ERDF devient Enedis, pour ne plus être confondu avec EDF

© 2016 AFP

— 

Le gestionnaire du réseau français de distribution d'électricité ERDF va désormais s'appeler Enedis pour se démarquer de sa maison mère EDF
Le gestionnaire du réseau français de distribution d'électricité ERDF va désormais s'appeler Enedis pour se démarquer de sa maison mère EDF — DOMINIQUE FAGET AFP

Le gestionnaire du réseau français de distribution d'électricité ERDF a finalement confirmé lundi son nouveau nom, Enedis, qu'il ne comptait dévoiler initialement que mardi, avant que la CGT ne s'en mêle et lance une polémique sur le coût de l'opération.

«Enedis» s'inscrira en lettres bleues sur fond blanc, ou en blanc sur le bleu des véhicules et des uniformes de ses équipes. Avec une exception pour le second «e» de Enedis, de couleur verte, censée incarner «le progrès, la transition énergétique et le monde numérique», selon un communiqué du groupe.

La signature du groupe depuis l'an dernier, «L'électricité en réseau», a été conservée en-dessous du nouveau nom.

Choisi parmi une centaine de propositions, ce nom avait été déposé dès 2008 par ERDF à l'Institut national de la propriété intellectuelle (Inpi), selon un porte-parole du groupe interrogé par l'AFP.

Le mystère du nouveau nom devait être initialement gardé jusqu'à mardi, où il devait être dévoilé par le président du directoire du groupe, Philippe Monloubou, au salon des maires et des collectivités locales à Paris.

Mais la fédération CGT-Mines-Energie lui a grillé la politesse lundi en révélant le nouveau nom du groupe, qui coûterait selon le syndicat «300 millions d'euros aux usagers».

Un chiffre «erroné et totalement fantaisiste», et qui «n'a rien à voir» avec le changement de nom, mais avec la «valeur financière théorique» de la marque ERDF, a réagi le groupe.

Le changement de nom et de logo coûtera au total «entre 20 et 25 millions d'euros», bien loin d'autres sociétés qui consacrent «près de 100 millions d'euros pour le changement de leur marque», a ajouté ERDF.

Pour respecter son budget, le groupe prévoit de déployer progressivement sa nouvelle identité visuelle, sur 18 à 24 mois, ce qui permettra d'en lisser le coût.

Ainsi de nombreux supports, comme des véhicules ou des vêtements, «ne seront modifiés qu'au moment de leur renouvellement naturel», ajoute le groupe, comptant par ailleurs recourir à ses partenariats existants, comme le Tour de France cycliste.

- Partenaire officiel du Tour de France -

Ce partenariat va être renforcé, Enedis devenant «partenaire officiel» de l'édition 2016, pour mieux promouvoir sa nouvelle identité de marque.

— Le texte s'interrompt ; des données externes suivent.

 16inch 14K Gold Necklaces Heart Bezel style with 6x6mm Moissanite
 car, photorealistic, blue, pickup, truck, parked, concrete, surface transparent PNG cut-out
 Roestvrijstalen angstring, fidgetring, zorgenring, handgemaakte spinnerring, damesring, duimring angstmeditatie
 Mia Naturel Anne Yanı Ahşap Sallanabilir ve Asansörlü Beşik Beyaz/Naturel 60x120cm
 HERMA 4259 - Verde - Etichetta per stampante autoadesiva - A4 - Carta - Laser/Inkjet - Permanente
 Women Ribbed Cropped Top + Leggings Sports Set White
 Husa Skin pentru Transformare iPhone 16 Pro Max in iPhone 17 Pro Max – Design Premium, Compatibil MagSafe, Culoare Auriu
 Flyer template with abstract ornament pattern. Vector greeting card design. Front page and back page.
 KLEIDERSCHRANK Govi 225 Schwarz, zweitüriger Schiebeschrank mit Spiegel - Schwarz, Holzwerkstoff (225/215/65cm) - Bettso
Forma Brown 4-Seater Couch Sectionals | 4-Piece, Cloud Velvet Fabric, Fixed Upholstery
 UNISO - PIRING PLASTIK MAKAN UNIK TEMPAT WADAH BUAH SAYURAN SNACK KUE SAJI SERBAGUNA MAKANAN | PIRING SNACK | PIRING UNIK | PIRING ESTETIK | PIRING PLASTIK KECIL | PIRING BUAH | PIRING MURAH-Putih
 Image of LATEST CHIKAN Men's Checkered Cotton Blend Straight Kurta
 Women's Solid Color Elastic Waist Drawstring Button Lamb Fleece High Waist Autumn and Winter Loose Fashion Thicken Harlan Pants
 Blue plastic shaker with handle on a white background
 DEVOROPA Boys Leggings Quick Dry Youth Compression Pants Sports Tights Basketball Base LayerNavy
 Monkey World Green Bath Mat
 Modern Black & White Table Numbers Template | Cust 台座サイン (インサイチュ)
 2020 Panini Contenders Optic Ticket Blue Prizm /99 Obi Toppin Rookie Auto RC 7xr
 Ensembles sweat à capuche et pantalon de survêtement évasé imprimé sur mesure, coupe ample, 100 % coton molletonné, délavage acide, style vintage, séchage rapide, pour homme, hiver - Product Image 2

ERDF était né en 2008 en tant que filiale à 100% d'EDF, après l'ouverture du marché de l'électricité à la concurrence.

L'entreprise avait déjà modifié son logo en juin 2015, pour répondre à une exigence de la Commission de régulation de l'énergie (CRE), qui estimait qu'avec un sigle et une prononciation trop proches, ERDF et EDF entretenaient une confusion dans l'esprit des consommateurs.

Mais le régulateur avait estimé que les évolutions présentées alors par ERDF étaient insuffisantes pour écarter tout risque de confusion.

Le groupe avait finalement annoncé mi-janvier qu'il allait changer de nom, pour traduire «l'engagement fort de l'entreprise dans la transition énergétique au lendemain de la COP21», la conférence climatique mondiale qui s'est tenue en décembre à Paris.

Pour la FNME-CGT, l'argent dépensé pour les changements de logo et de nom aurait pu «servir à ne pas augmenter les factures, à combattre la précarité énergétique (11 millions de Français dans cette situation aujourd'hui), à investir dans l'appareil industriel, à créer des emplois et augmenter les salaires».

«Ce n'est pas avec ce type de politique de gaspillage financier que l'économie se portera mieux et que le chômage sera résorbé», poursuit la fédération.

FO Energie et Mines avait déjà dénoncé en janvier le coût de cette mesure, parlant aussi de «300 millions d'euros», qui allaient «partir en fumée» à un moment où la maison mère EDF était «bien mal en point».

Gestionnaire du réseau public de distribution d'électricité sur 95% du territoire français, soit 1,4 million de kilomètres de réseau électrique basse et moyenne tension, Enedis emploie 39.000 salariés et a réalisé l'an dernier un chiffre d'affaires de près de 14 milliards d'euros en 2015.

Le groupe a lancé en décembre le déploiement dans tous les foyers français de 35 millions de compteurs «intelligents» Linky, un vaste chantier qui doit durer six ans. Fin mai, 800.000 de ces appareils avaient été mis en service.